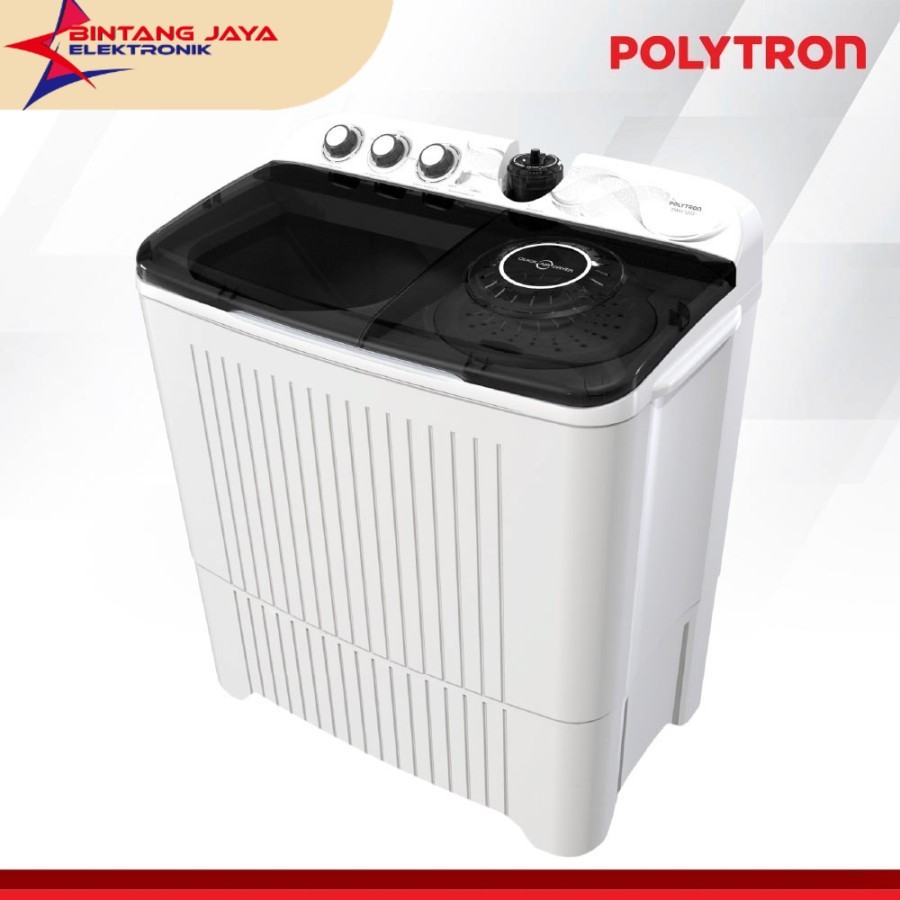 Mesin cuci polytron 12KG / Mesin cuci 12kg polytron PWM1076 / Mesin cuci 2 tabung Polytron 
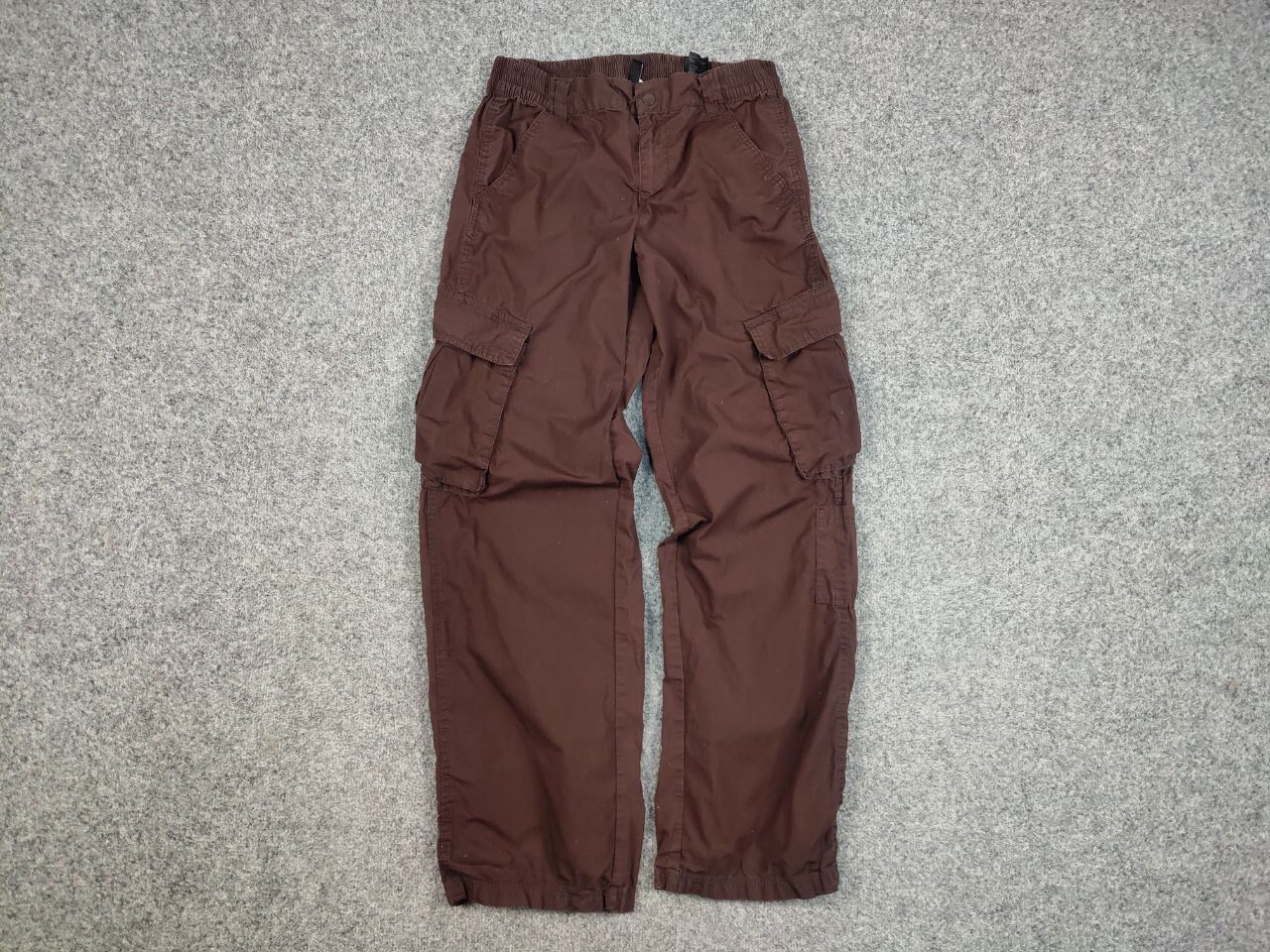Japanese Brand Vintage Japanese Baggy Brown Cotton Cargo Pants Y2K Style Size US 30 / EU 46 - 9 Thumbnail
● ● ● ●
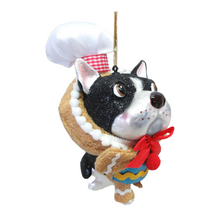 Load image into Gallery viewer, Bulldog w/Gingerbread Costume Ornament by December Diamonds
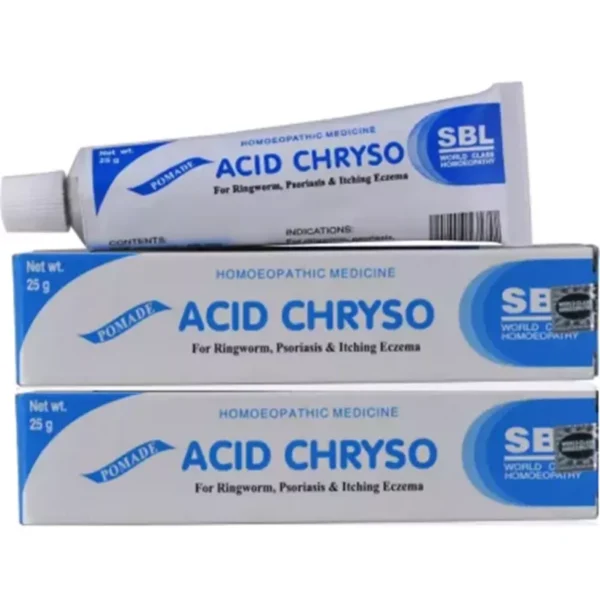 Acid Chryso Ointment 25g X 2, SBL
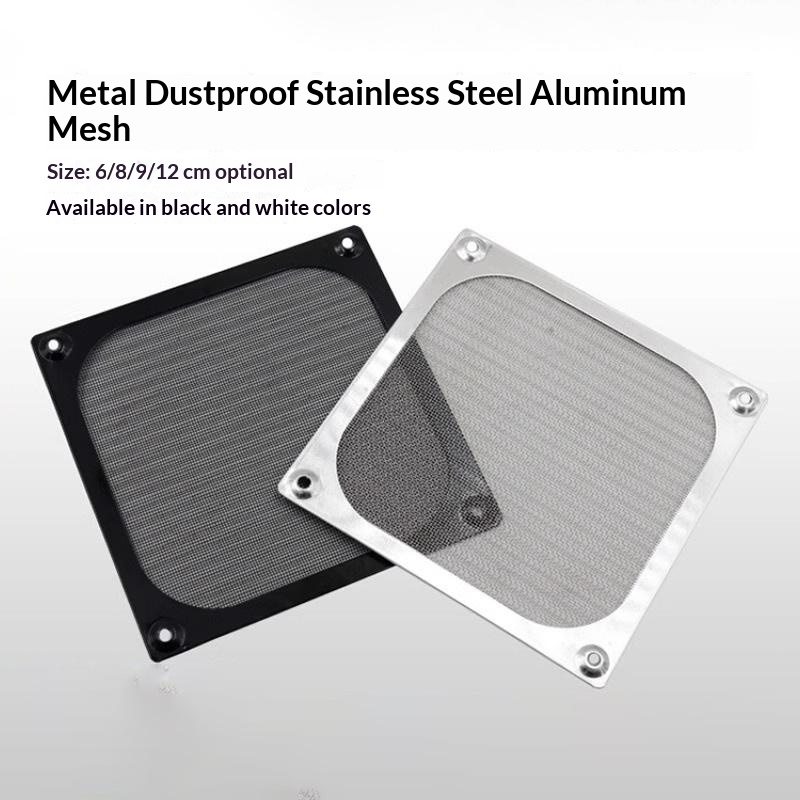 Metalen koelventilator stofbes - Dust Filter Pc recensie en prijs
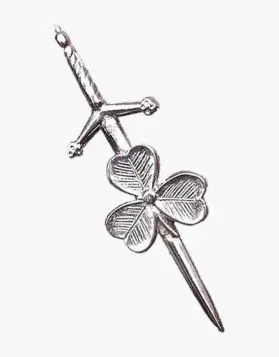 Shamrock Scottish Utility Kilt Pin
● ● ● ●
From the data above, retype only the lines starting with the line with "Load image into" and going on through the line with "Shamrock Scottish Utility Kilt Pin", exactly, leaving out the pictures.

- **Output**
 Load image into Gallery viewer, Bulldog w/Gingerbread Costume Ornament by December Diamonds
 Acid Chryso Ointment 25g X 2, SBL
 Metalen koelventilator stofbes - Dust Filter Pc recensie en prijs
 Shamrock Scottish Utility Kilt Pin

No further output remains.